Die Beantwortung Ihrer Frage ist Teil eines Forschungsprojekts zur Verständlichkeit von grammatischen Erklärungen. Wir bitten Sie deshalb darum, im Anschluss an die Lektüre der Antwort die Tools zur Bewertung (Fragebogen, Sternchenfunktion, Antwortoption) zu nutzen.
In Ihrer Frage geht es darum, wie die
Possession, d.h. wie ein Besitzverhältnis, im Deutschen ausgedrückt werden kann und ob es eine bestimmte Regeln hinsichtlich der Reihung von Possessionsausdrücken gibt. Betrachten wir dazu zunächst die von Ihnen vorgeschlagenen Variationen.
Eine Möglichkeit anzugeben, von wem die entsprechenden Schriften stammen, ist ein
nachgestelltes Genitivattribut, wie Sie es im folgenden Satz formuliert haben:
Beispiel
(1) In Deutschland gingen aus den Schriften
Immanuel Kants (= Genitivattribut) und
der Neukantianer (= Genitivattribut) zahlreiche methodologische Debatten hervor.
Eine andere Möglichkeit besteht darin mit einer
Präpositionalgruppe, die mit
von eingeleitet wird, anzugeben, um wessen Schriften es sich handelt. Formuliert man Ihren Beispielsatz jeweils mit einer Präpositionalgruppe, dann lautet er:
Beispiel
(2) In Deutschland gingen aus den Schriften
von Immanuel Kant und [den Schriften
von] den Neukantianern zahlreiche methodologische Debatten hervor.
Laut Dudengrammatik sind beide bisher skizzierten Varianten im Sprachgebrauch verbreitet und es bestehe weitestgehend freie Varianz. (Vgl. Dudengrammatik, Randnummer 1277) Wie verhält es sich aber nun mit der Möglichkeit, die grammatische Realisierung des Possessivums zu variieren?

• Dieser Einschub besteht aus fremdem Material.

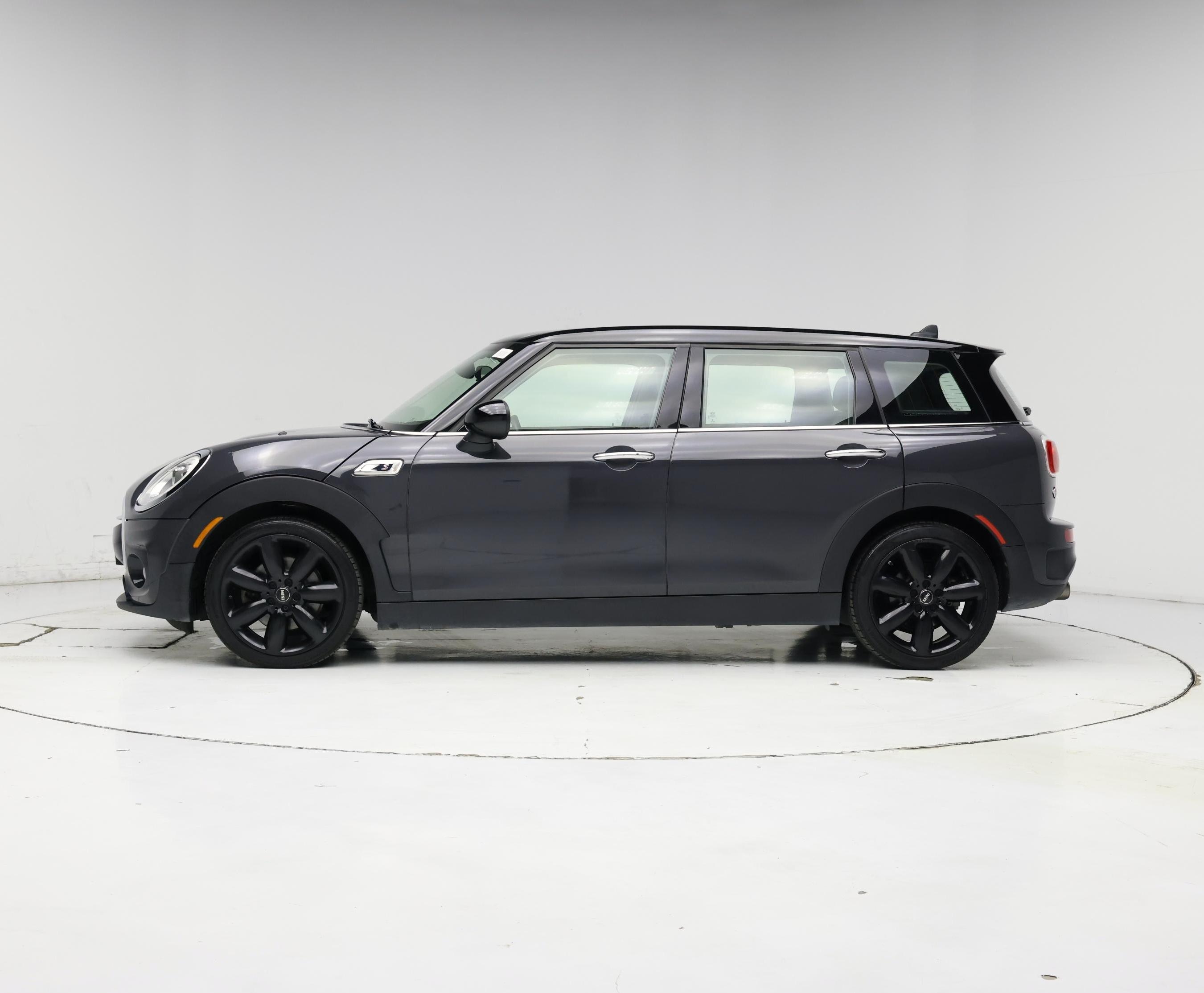 Thumbnail: 2017 MINI Cooper Clubman - 3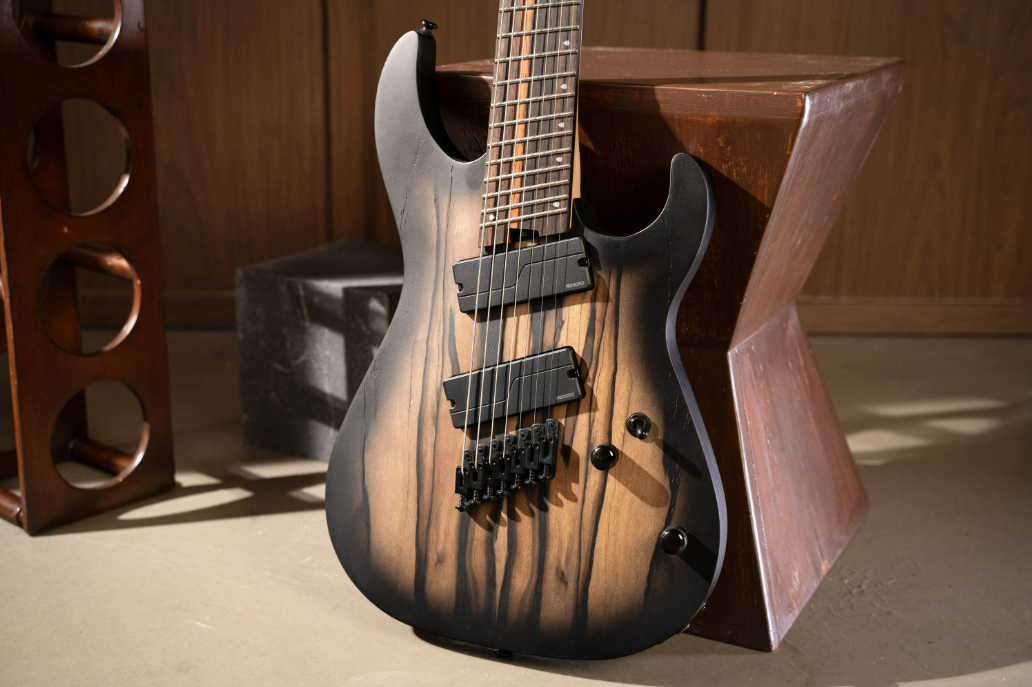 Cort KX507MS - Pale Moon Ebony, Natural Black Burst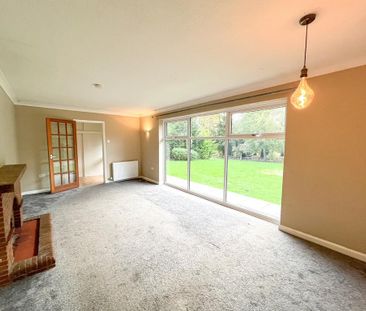 3 bedroom detached bungalow to rent - Photo 2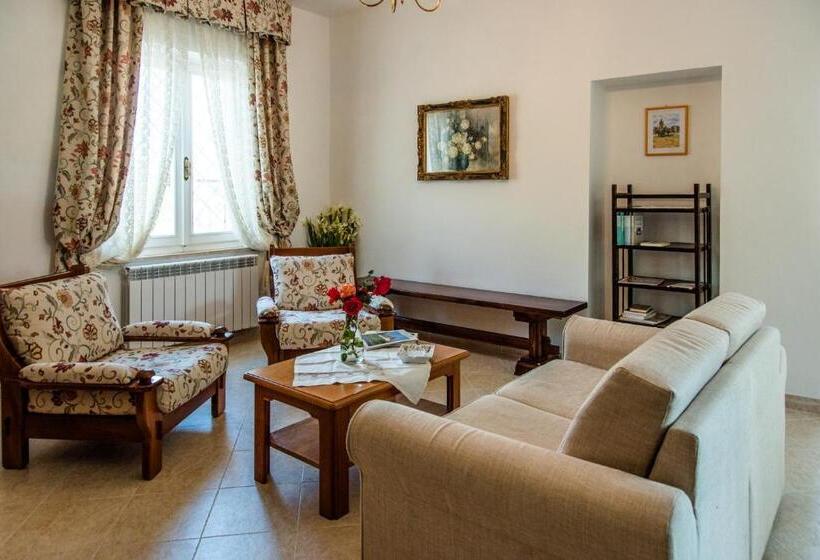 בית מלון כפרי Le Vigne Di Clementina Fabi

Auch dazu bietet die Dudengrammatik eine Einschätzung. Es findet sich dort zunächst die folgende Regel: „
Bei Reihungen (Aufzählungen) sollte auf ein Attribut mit von kein Genitivattribut folgen; stattdessen ist paralleler Anschluss vorzuziehen.“ (Dudengrammatik, Randnummer 1277) Wendet man diese Regel auf Ihr Beispiel an, dann sollte folgende Konstruktion vermieden werden:
Beispiel
(3) In Deutschland gingen aus den Schriften von Immanuel Kant und der Neukantianer zahlreiche methodologische Debatten hervor.
Diese Regel der Dudengrammatik lässt sich dadurch erklären, dass der Eindruck entstehen könnte, dass der Kasus der Nominalgruppe
die Neukantianer von der Präposition
von regiert (festgelegt) wird. Dem würde die folgende Lesart zu Grunde liegen:
Beispiel
(3a) *In Deutschland gingen aus den Schriften von Immanuel Kant und [von] der Neukantianer zahlreiche methodologische Debatten hervor.

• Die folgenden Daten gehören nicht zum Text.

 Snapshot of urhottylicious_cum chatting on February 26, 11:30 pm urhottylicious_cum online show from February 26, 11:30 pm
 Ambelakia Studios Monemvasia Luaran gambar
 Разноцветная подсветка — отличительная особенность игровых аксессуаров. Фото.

Nimmt man also an, dass auch beim zweiten Attribut die Präposition
von mitgedacht werden muss, dann liegt ein Kasusfehler vor, denn die Präposition
von verlangt den Dativ, die folgende Nominalgruppe steht aber im Genitiv. Dies ist aber so in dem Beispielsatz 3 nicht intendiert, sodass aus Gründen der Eindeutigkeit das zweite Glied der Koordination kein Genitivattribut sein sollte.

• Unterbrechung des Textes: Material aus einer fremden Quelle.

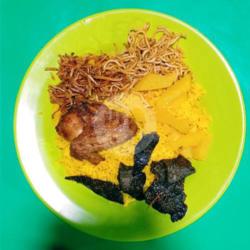 Nasi Kuning Ayam   Paru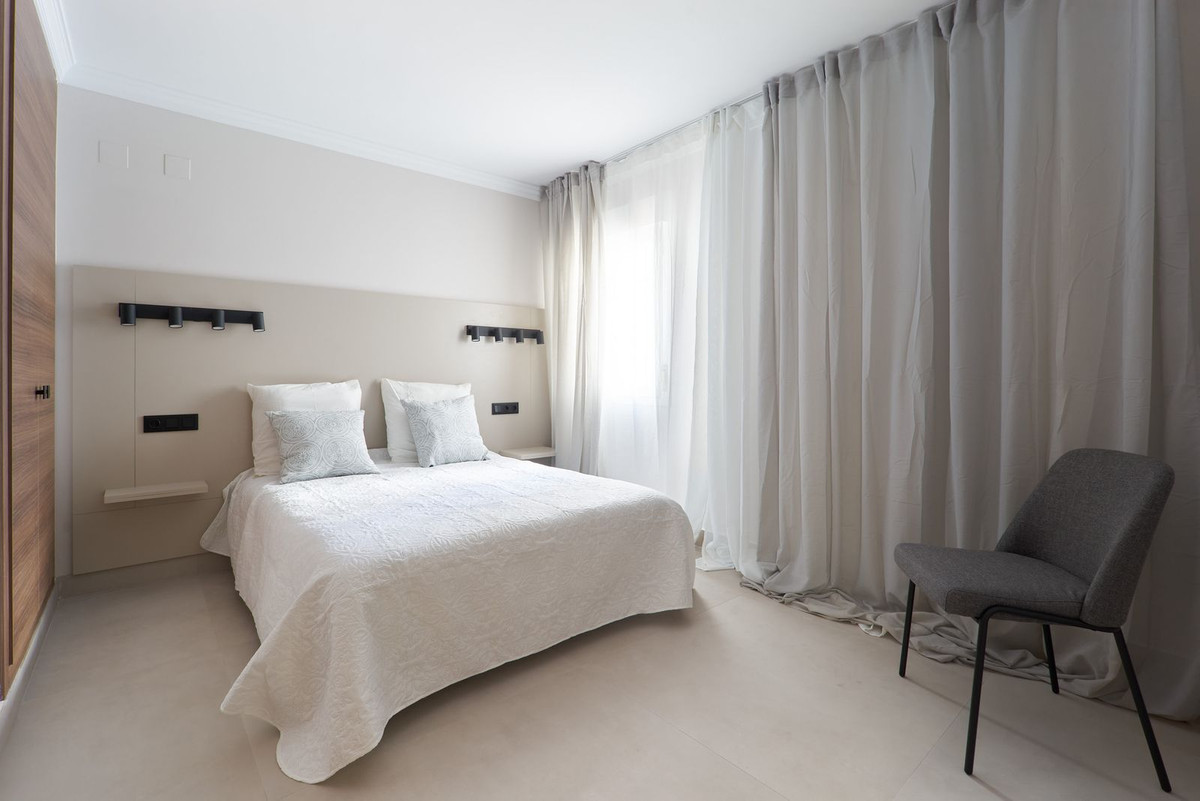 3 Bedroom Apartment in San Pedro de Alcántara - Photo 18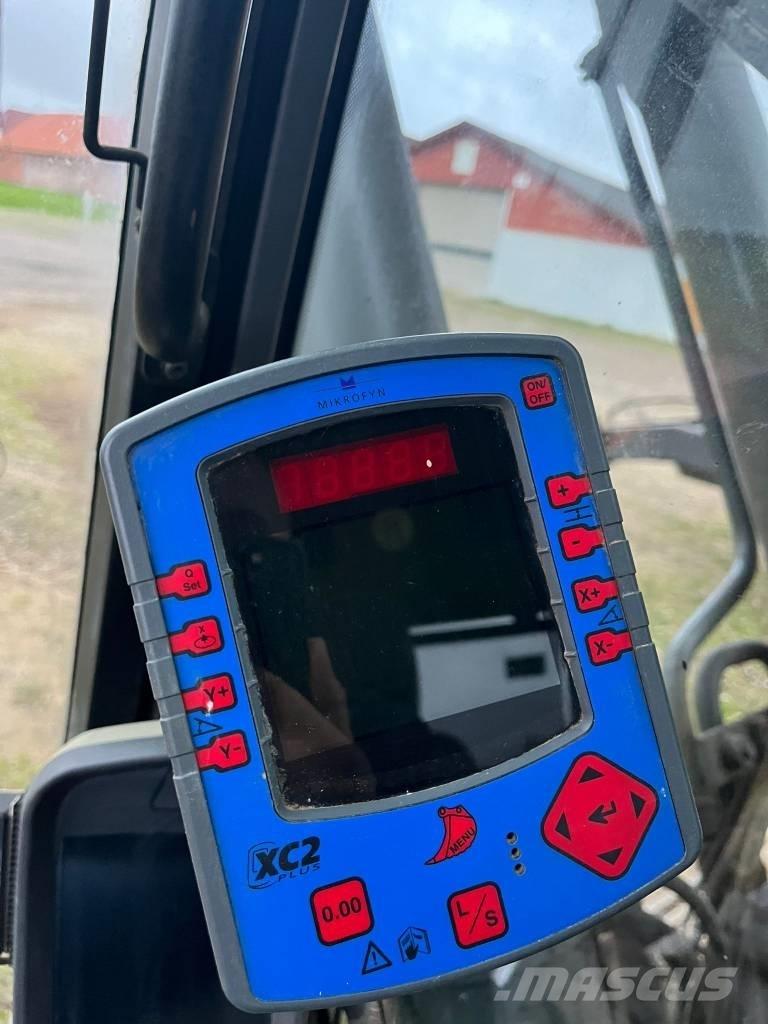 Volvo EC 290 C L حفارات زحافة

Stattdessen soll entweder auf die erste oder zweite hier skizzierte Variante zurückgegriffen werden. Darüber hinaus benennt die Dudengrammatik die folgende Regel: „
Bei der Abfolge Genitivphrase vor Präpositionalphrase gibt es keine derartige Einschränkung“. (Dudengrammatik, Randnummer 1277) D.h. die folgende Variante wäre nach Dudengrammatik ebenfalls unproblematisch:
Beispiel
(4) In Deutschland gingen aus den Schriften Immanuel Kants und von den Neukantianern zahlreiche methodologische Debatten hervor.
Neben der nachgestellten Variante des Genitivattributs, können Sie dies jedoch auch voran stellen, sodass es lautet:
Beispiel
(5) In Deutschland gingen aus Immanuel Kants Schriften und denen der Neukantianer zahlreiche methodologische Debatten hervor.